Tuesday, September 17, 2013

Guest Report: Jo Nesbo in Belfast

Euro Crime reviewer Mark Bailey has very kindly written up Jo Nesbo's recent event in Belfast which was  part of the tour to promote Police tr. Don Bartlett:

Jo Nesbø Talk at the Ulster Hall. Belfast
15th September 2013

David Torrans, owner of No Alibis who organised the talk with the publishers introduced the event saying that this was the largest audience of Jo Nesbø's UK and Ireland tour (he later tweeted that the audience was 825 people including press) and that the publishers had originally suggested doing it in the shop.

Initially Marie-Louise Muir (the main arts presenter for BBC Radio Ulster) interviewed Jo about his life and career for about 40 minutes before the audience had the opportunity to ask questions of Jo.

The first question asked by Marie-Louise Muir was where did Harry come from? Jo was a stockbroker by day and a musician by night flying to gigs in Norway when the market closed, performing, sleeping and then flying back to Oslo for the market opening the following day. He was commissioned by a publisher to write a memoir about life on the road with the band which included a tour to Australia which is where he learnt about the Aborigine myths that play a role in THE BAT. After a big tour, he wanted to rest from the band but still wanted to write having been the lyricist with the band and having always written, be it poetry or music. The choice of crime fiction was not driven by an interest in other Scandinavian crime authors but by the fact he didn’t want to return to stock broking and had five weeks to write a novel in – he submitted it under a pseudonym so the publishers didn’t market it as by a major Norwegian musician.

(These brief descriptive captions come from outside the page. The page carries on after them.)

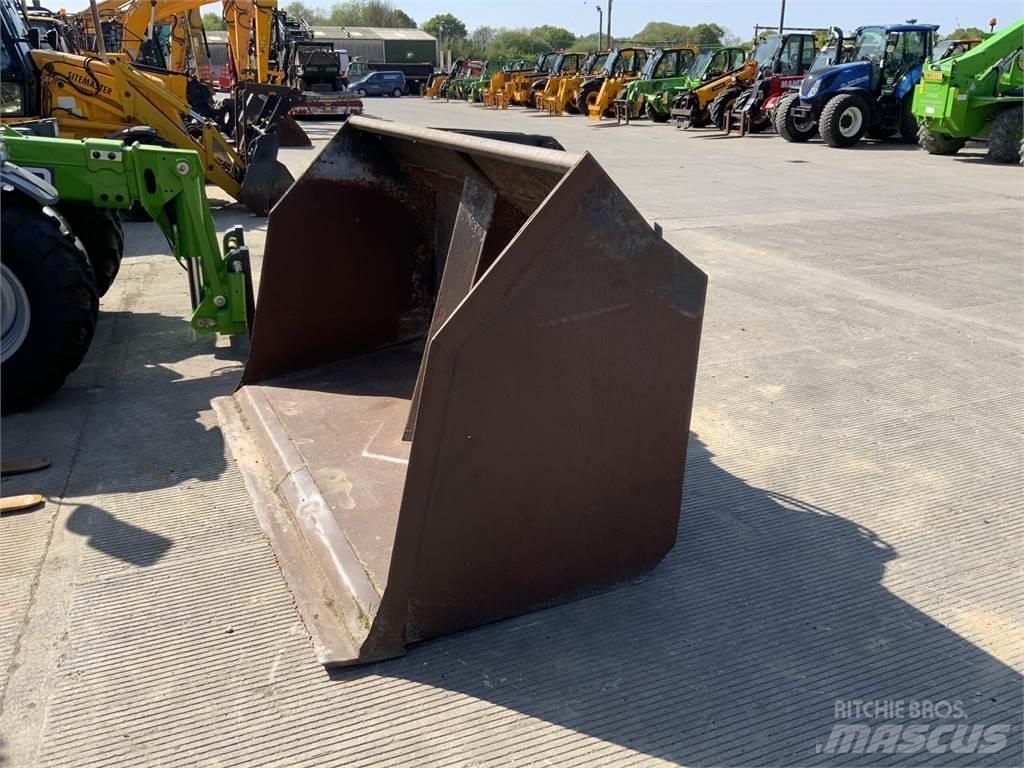  8Ft Wide Tiptoe Bucket Ostale poljoprivredne mašine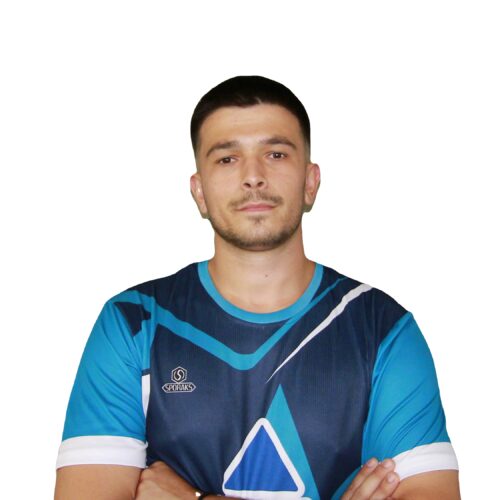 Muhammet ÇETİNKAYA
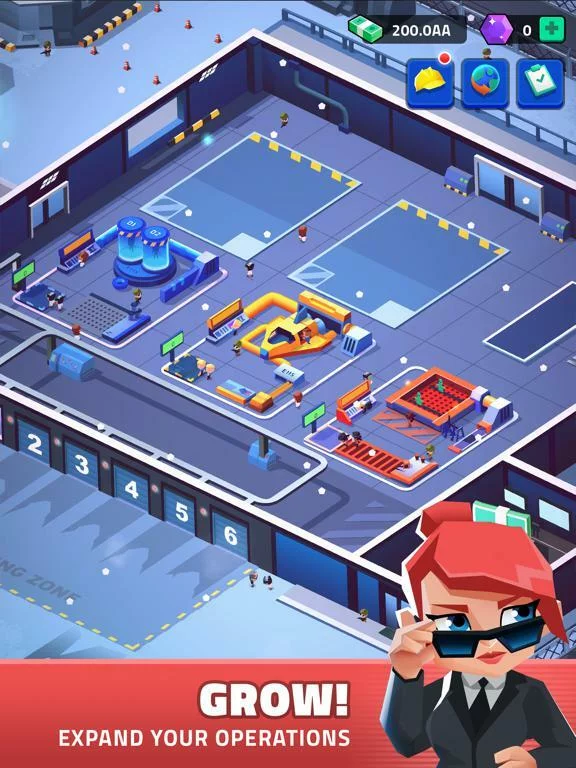 Изображение игры: Idle 51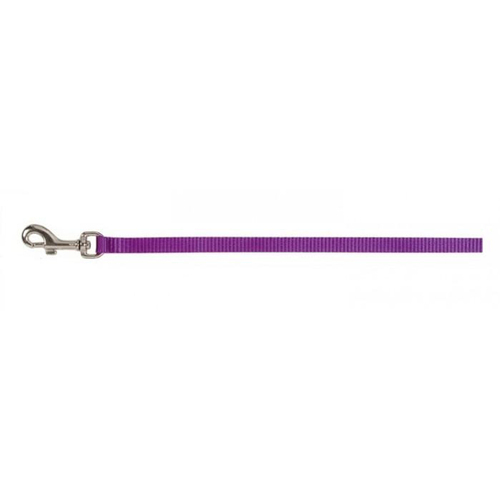 Prestige Pet Cat & Puppy Leash 3/8 Inch x 4 Ft Purple 122cm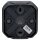 Legrand 069708L Plexo New FRAP GreenUp Schutzkontakt-Steckdose SL,EB,IP44,IK08, Anthrazit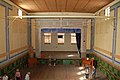 Interior da sala de festas de Kolmanskop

His relationship with Don Bartlett (the translator of all the harry Hole novels) was raised. Jo said that he trusted Don Bartlett as it would be impossible for him to translate the books himself as he knows “a bit of English” (you would not agree with this listening to him as he is fluent and very funny) but there is a “lost in translation” phenomena so he tries not to read the translations trusting Don to do his job as the English translation is important as other languages translate from the English rather than the Norwegian – Korean was given as an example.

Marie-Louise then turned to Jo's first book (THE BAT) pointing out how well it did critically winning the best Nordic crime novel award in 1997 - Jo said that he was so new to the game that he did not realise the significance of the award only realising how exceptional this was for a first time author until later. The critical success did not lead to sales, with sales only picking up with the third book or so; he said that the same pattern followed for the UK – he was not an overnight success as it took 10 years work to get really noticed.

The issue of the Harry Hole name was then discussed before returning to the character of Harry and his origins. Jo said Harry was the result of taking the hard boiled private eye of Chandler & Hammett and taking it one step further with Harry ceasing to function when he drinks – he is a character with flaws which makes him interesting; Superman needing Kryptonite to be interesting was cited as a parallel.

Jo was asked if he likes Harry? – Jo said that he is connected to Harry in the sense that Harry becomes real to him when Jo is writing him as Harry is partially based on himself as he feels most authors long-running creations are to some extent.

Jo feels that the quality of the writing is what attracts us to the Scandinavian crime genre be it in print, television or film - partly due to the number of writers working in the field now, so the best are very good.

He was then asked about where the ideas for the murders came from – as an example he explained that the apple bobbing in THE LEOPARD was adapted from a good childhood memory where him and his brother were told that they could not pick apples but not they could not eat them so they ate them while they were still on the on the tree but one day he got a big apple stuck in his mouth and he thought what would have happen to him as it was still growing. Related to this, he said that he does think that he went too far in the violence on THE LEOPARD but on the whole the violence tells you about the characters and drives the story forward.

He revealed that PHANTOM and POLICE were written in one big stretch so there is lots of linking back to PHANTOM from POLICE.

The session then turned into a question and answer session with the audience.

One audience member asked if the turbulent lifestyle of Harry has ever made him tempted to kill him off – Jo revealed that he does have a plan for Harry's life which he drafted while writing the third novel but that doesn’t mean that he will get there with the series. At the moment, he is a bit tired of Harry so he is writing a standalone novel but in six months time he will miss Harry so will want to sit down and write a new Harry Hole novel.

One interesting comment he made in the Q&A was that he is now writing for the readers as he has enough money for the rest of his life (you can see the Economics training at work there!).

The potential for film and TV productions was also discussed with The Snowman adaptation produced by Martin Scorsese being discussed but Jo doesn’t believe these things are happening until he is told it is being shot – however there is a television pilot based on a non-Harry story being shot in the US and a film based on his Doktor Proktor books for children should be out next year.

He was asked how he wrote the books – he said the process was forming the characters, then deciding key scenes and then tying it all together.

The evening then finished with a book signing with a very, very, long queue.